散 步

他沒有回答。她接著又說:

「讓我來愛你吧,我的可人兒;你可以看得見我是很可愛的。」

他回答說:「夫人,您認錯了人。」

她伸起她的胳膊挽住他,同時說道:「快點吧,現在;別傻了,聽我說……」

他站起來走開了,心裡有些不痛快。沒走幾米遠,另外一個女人又走到他身邊問道:「您願意在我身邊坐一會兒嗎?」他說:「您為什麼要過這種生活?」

她站在他面前,並且聲音變得嘶啞和憤怒起來,大叫道:「好吧,無論如何不都是為了給自己找樂子。」

他堅持用柔和的聲音問道:「那麼,是什麼讓你這樣做呢?」

她咕噥道:「我總要活下去,愚蠢的問題!」接著她就哼哼唧唧地走開了。

勒若先生有些茫然地站在那裡。其他女人從他附近經過,和他說話,邀請他。他感覺好像被一種不友好的東西包在黑暗中。

他又在一條長凳上坐了下來。那些四輪馬車依然隆隆駛過。「我不應該到這裡,我完全被弄得煩躁了。」他暗自想著,然後他開始想著經過他眼前的這一切:這些被玷汙或者激情的愛情,所有這些被售賣或者給予的親吻。愛情!他幾乎不認識它。在他這一生,他只熟悉兩個或者三個女人,他的收入要求他必須過那種平靜的生活,他想到他從前過的生活,那是和別人都不同的,是如此單調,如此哀痛,如此空虛。

有些人的確很不幸。忽然一下,彷彿他靈魂上的面紗被人撕開了,他感到了無止境的痛苦,他存在的單調乏味:過去,現在和未來的苦楚;他最後的日子和最初的一樣,無論在他前、後或者四周一無所有,心裡一無所有,任何方面都一無所有。

車流依然不停地經過。在那些快速經過的敞開式的馬車裡,他依然能看見一對對靜悄悄地互相摟著的人,在他眼前顯露又消失。他感覺全人類都沉醉於充滿了喜悅、快樂和幸福的世界在他跟前流動著。而他則孤零零地站在一邊看著。明天,他依舊是孤零零的,永遠孤零零的,比其他任何人都要孤獨。他站了起來,剛走了幾步,突然感到疲倦了,如同他剛剛步行了很長一段旅程一樣,他在挨著的長凳上坐下來。

他在等待什麼?他還指望什麼?什麼都沒有。他想到當一個人年老的時候,回到家裡,看到許多小孩時一定非常開心。當一個人被那些自己養育的人圍繞,愛你,關心你,會告訴你一些可笑和愚蠢的小事,讓你心裡感到溫暖,讓一切得到安慰,那麼這時的暮年也是讓人高興的。

然後,他想起了自己的那間空房間,乾淨而憂愁,除了他自己從來沒有人進去過,於是一種悲痛的感覺充滿了他的心靈,那個地方,在他看來,比他的那間小辦公室更讓人傷心。
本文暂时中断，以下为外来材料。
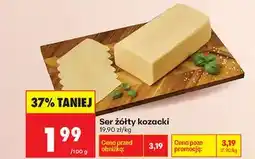 Biedronka Ser żółty kozacki oferta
從來沒有人去過那兒,也從來沒有人在裡面說過話。它是死的,沉默的,沒有人說話的迴響。好像這些牆還保留著一些曾經住在裡面的人的影響,保留著幾分他們的姿態、形象和言論。那些被幸福家庭住著的房子比不幸的人住著的房子更快樂。而他的房子沒有他人生的記憶。後來,想到要返回那個地方,孤零零地躺在自己的床上,再次重複那些每天晚上的種種行為,這個想法讓他很害怕。好像要遠遠逃離這個險惡的房子和那個必然到來的時刻,他站了起來,沿著一條小路走到樹林茂密的地方去了,在那裡他坐到草坪上。

他聽見了一種在他周圍,他頭上,四面八方,連續的,巨大而混雜的隆隆聲。它混雜了種類數不清的噪音,一種不確定的和有節奏跳動的生命:那是巴黎的氣息,像一個巨人在呼吸。

太陽已經升得很高了,在布洛涅森林上面照下一層光浪。有幾輛馬車開始四處流動了,一些騎著馬的人出現了。

一對情人在一條人跡罕至的小路上走著。突然間,那個年輕的女人抬起腦袋,看見了樹杈上有件褐色的東西;她有些吃驚和不放心,於是舉起手,大叫道:「看!那是什麼?」

隨後她尖叫了一聲,就倒在了她同伴的懷裡了,他只得讓她躺在地上。

警察被喊來了,他解下了一個用自己的吊褲帶自縊的老人。

調查表明他死在前天晚上。那些從他身上找出來的檔案,表明他是拉布澤公司的記賬員勒若。

他的死亡被歸因於自殺,動機不明。或許是一種突然、瘋狂的行為吧!

————————————————————

巴黎西部的公園。位於塞納河畔訥伊和布洛涅—比揚古之間。